• **DATA SHOWN**:
══════════════════════════════
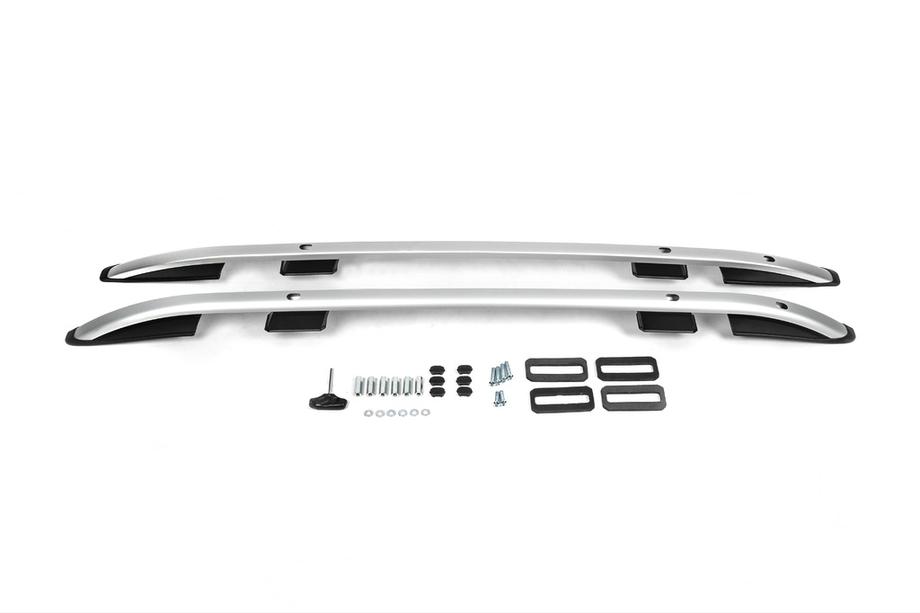 Range Rover Evoque 2012–2018 Skyport-kattokaiteet (harmaat) Image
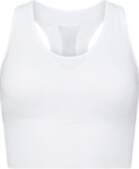 Head Flex Seamless Bra - white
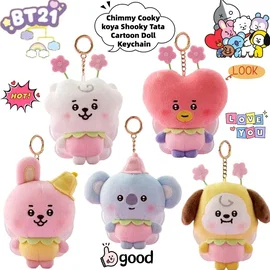Brelok  Chimmy Cooky Koya Shooky Tata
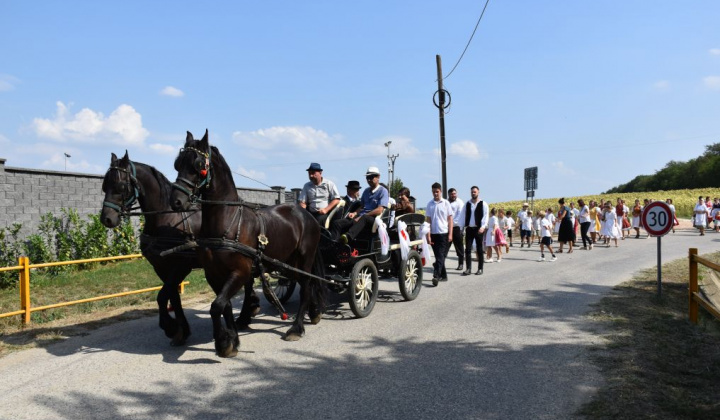 19. fotografia fotogalérie Oberačkové slávnosti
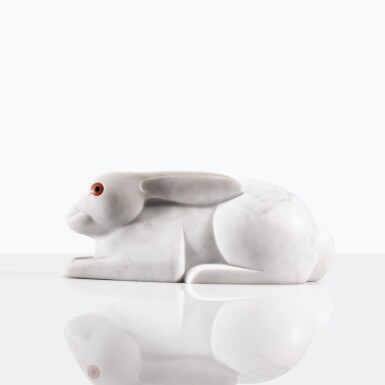 View full screen - View 1 of Lot 36. Le lapin.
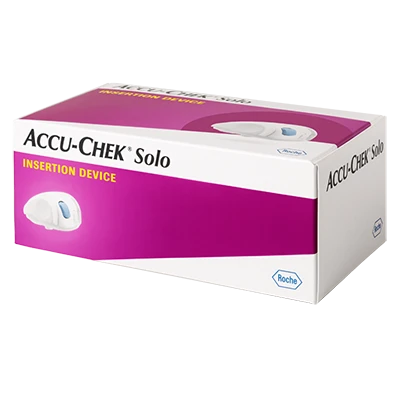 Urządzenie wprowadzające Accu-Chek Solo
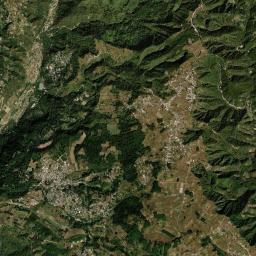 San Andrés Semetabaj High Resolution Satellite Map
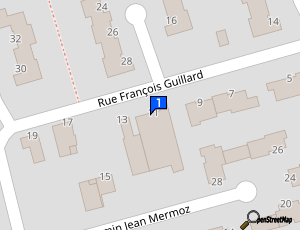 Carte Carrosserie Delgado Fils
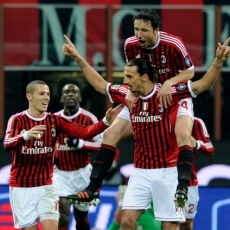 Capolista Lagi, Milan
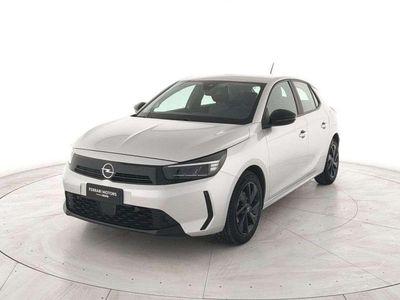 Usata Opel Corsa S 75 CV (55 kW) 2024 Grigio Utilitaria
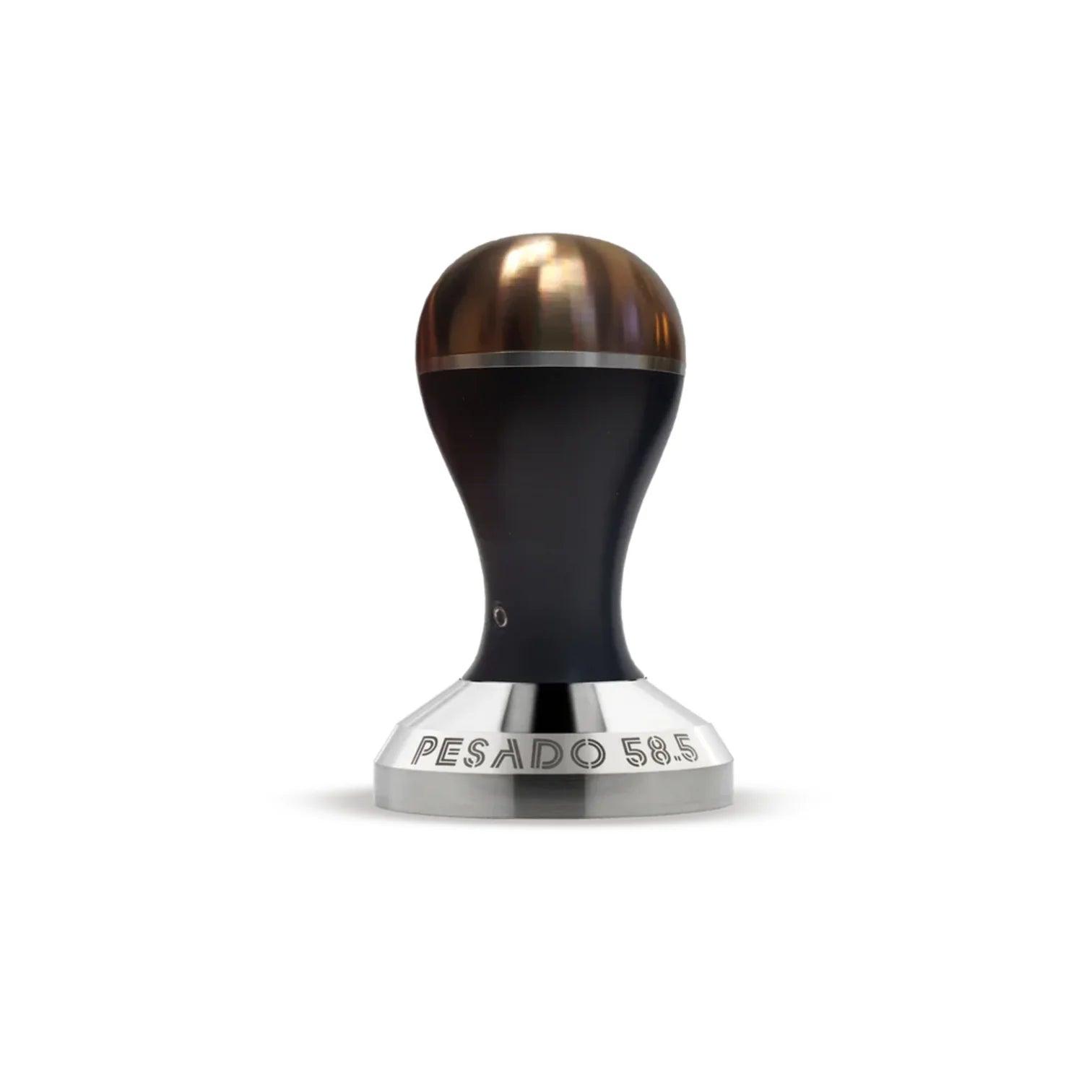 Espresso Coffee Tamper Pesado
══════════════════════════════
• **WHAT THE TASK ASKS**:
The required output is every line from the beginning of the material above through the line with "Capolista Lagi, Milan", exact and without pictures.

• **OUTPUT OF THE EXERCISE**:
 Range Rover Evoque 2012–2018 Skyport-kattokaiteet (harmaat) Image
 Head Flex Seamless Bra - white
Brelok  Chimmy Cooky Koya Shooky Tata
 19. fotografia fotogalérie Oberačkové slávnosti
 View full screen - View 1 of Lot 36. Le lapin.
 Urządzenie wprowadzające Accu-Chek Solo
 San Andrés Semetabaj High Resolution Satellite Map
 Carte Carrosserie Delgado Fils
 Capolista Lagi, Milan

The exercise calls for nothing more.